Imaginations Through The Looking Glass“, aufgenommen beim ganz persönlichen Festival der Band 2003 im oberfränkischen Coburg, ist bis heute das ultimative Live-Dokument der Band, das auch unter denjenigen, die mit den Studioaufnahmen der Band nicht allzu viel anfangen können eine besondere Magie ausstrahlt. Es gibt wenige Konzertmitschnitte, die auf Anhieb so viel Lust auf eine Live-Show versprühen, und es gibt noch viel weniger, die trotz allen Aufwands und der enormen musikalischen Tiefe die richtige Balance aus Spontanität, authentischem Live-Feeling und viel Hingabe und Liebe zum Detail ausstrahlen. Die Setlist, die natürlich alle bis dahin veröffentlichten Alben bis zum 2002er Epos „A Night At The Opera“ berücksichtigt, ist zugleich eine ultimative Best Of-Setlist der Band, und wenn es eine empfehlenswerte Veröffentlichung gibt, um nicht Eingeweihte von der Besonderheit der Band zu überzeugen, dann ist es dieses hier. Die Superhelden-Box hält euch dieses Zeitdokument glücklicherweise ebenso bereit wie die Studioalben.“ Dem ist eigentlich nichts mehr hinzu zu fügen.

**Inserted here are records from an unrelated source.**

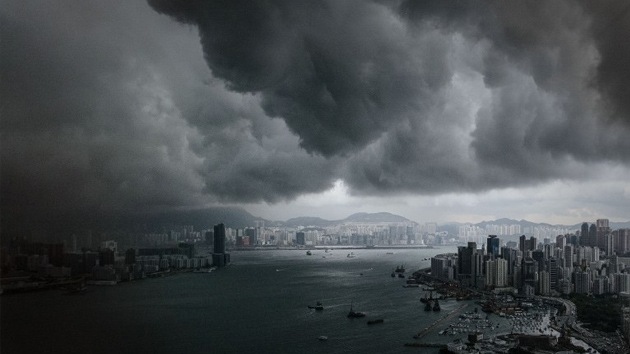 Nubes 'apocalípticas' invaden el cielo de Hong Kong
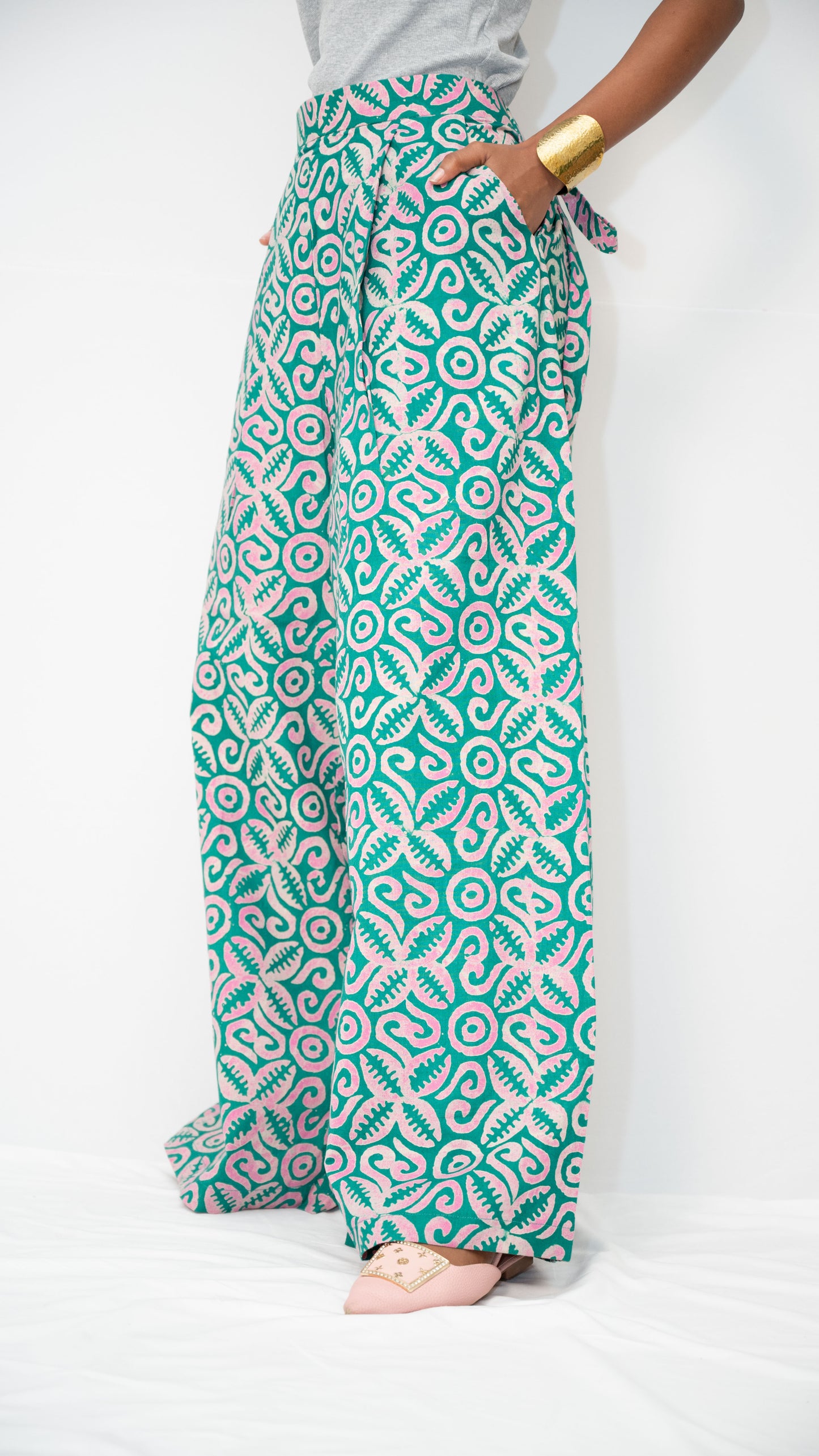 ZIA ADJUSTABLE PANTS - Kitenge Wide-Leg Trousers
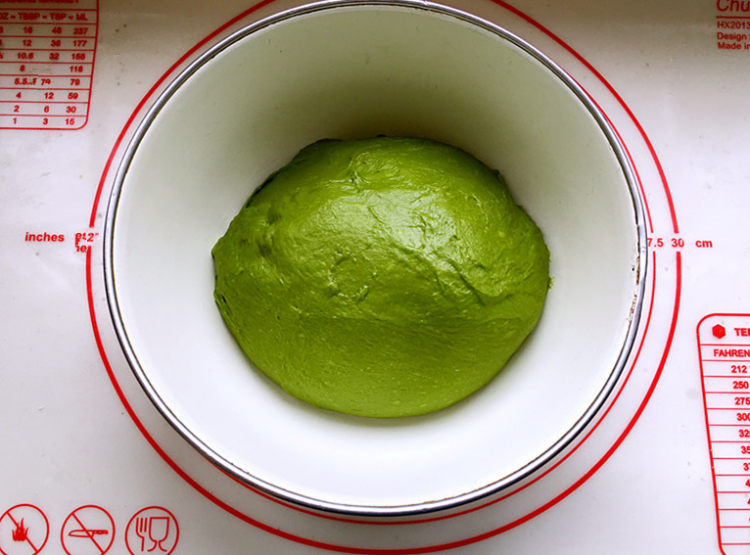 抹茶麻薯红豆面包步骤3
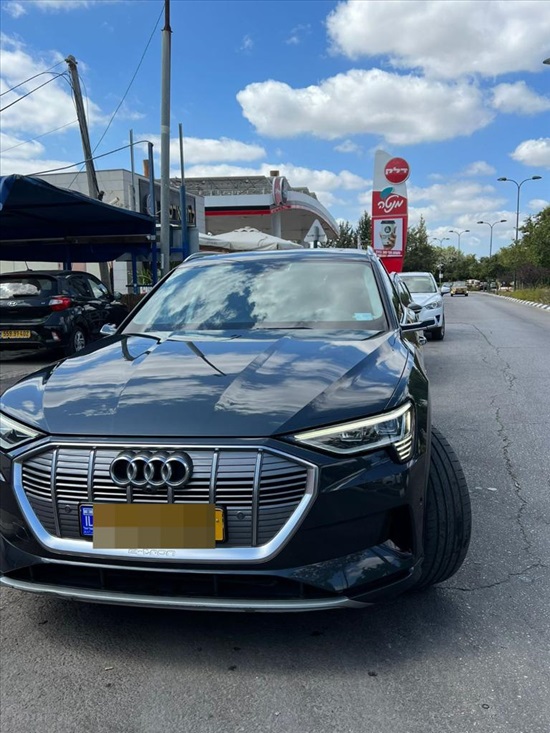 תמונה 1 ,אאודי E-TRON יד 1 2020 37000 ק"מ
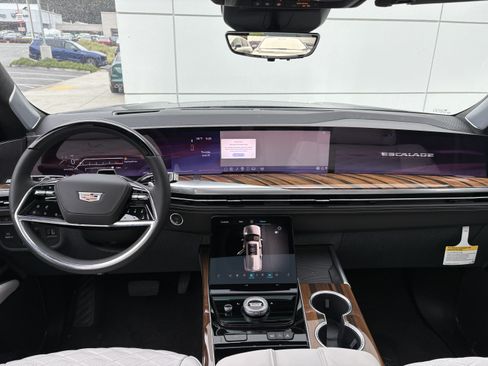 New 2026 Cadillac Escalade Platinum Sport w/ LPO, ONYX Package AWD/4WD image 23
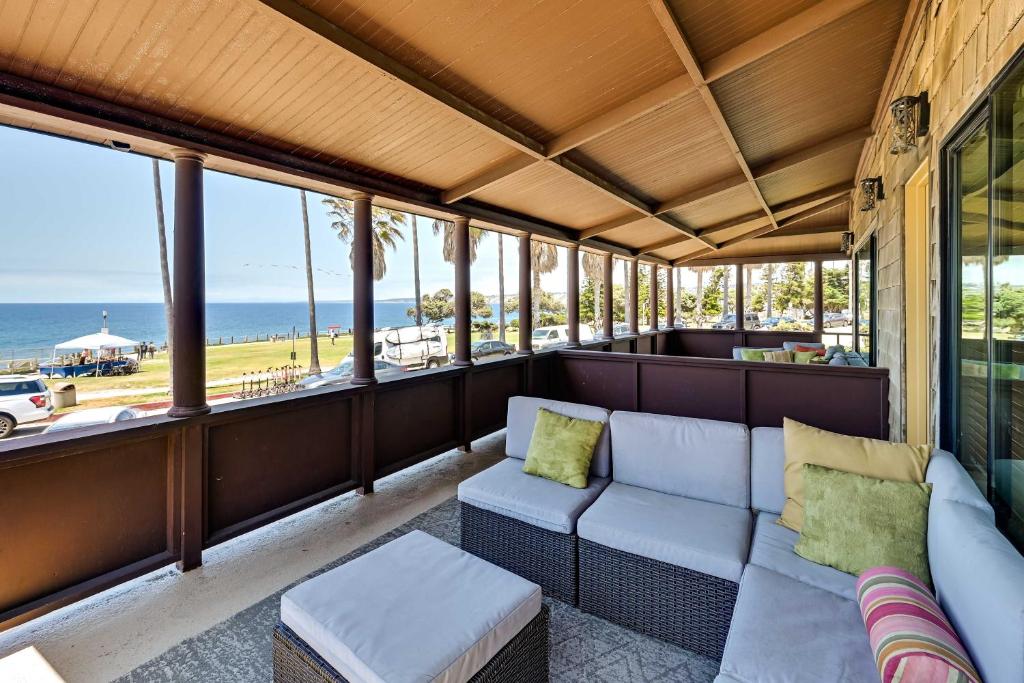 eine abgeschirmte Veranda mit Sofa und Strandblick in der Unterkunft Ocean-View La Jolla Condo Rental with Covered Patio! in San Diego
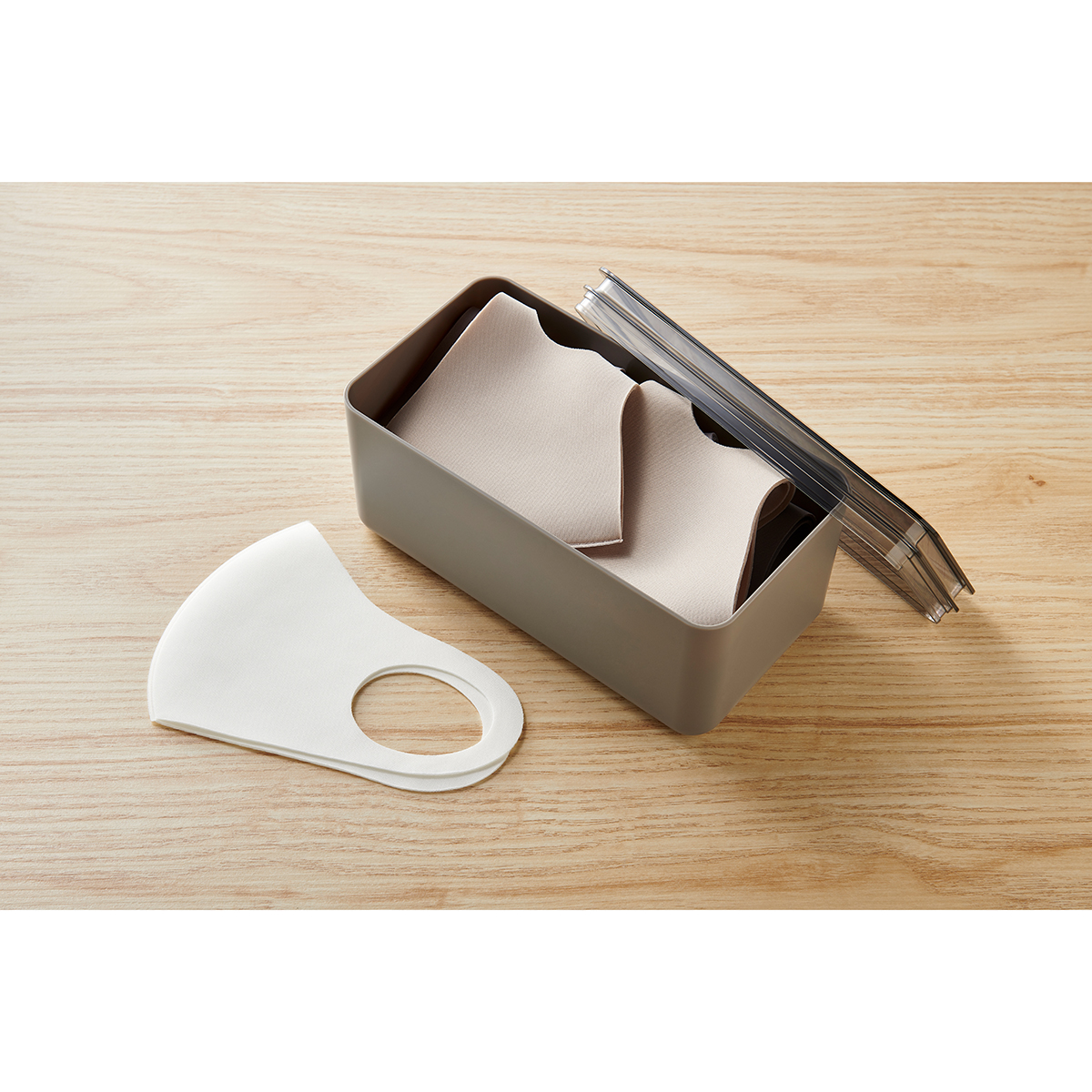 伊勢藤　マスク保管ケース　グレー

Unter dem Strich ist “A Traveler’s Guide Through Space And Time” eine wunderbare Sache für Fans der Band. Klar, billig ist das Ganze nicht, dafür wird einem auf der anderen Seite aber auch eine Menge geboten für sein Geld. Man kann hören, dass die Alben remastert und teilweise neu gemischt wurden (was ganz viele andere Scheiben nicht von sich behaupten können), was den Kaufpreis (der bei den verschiedenen Plattformen variiert) eigentlich alleine schon rechtfertigt. Diese Box wurde aber mit viel Liebe zum Detail erstellt und ist ihr Geld auf jeden Fall wert.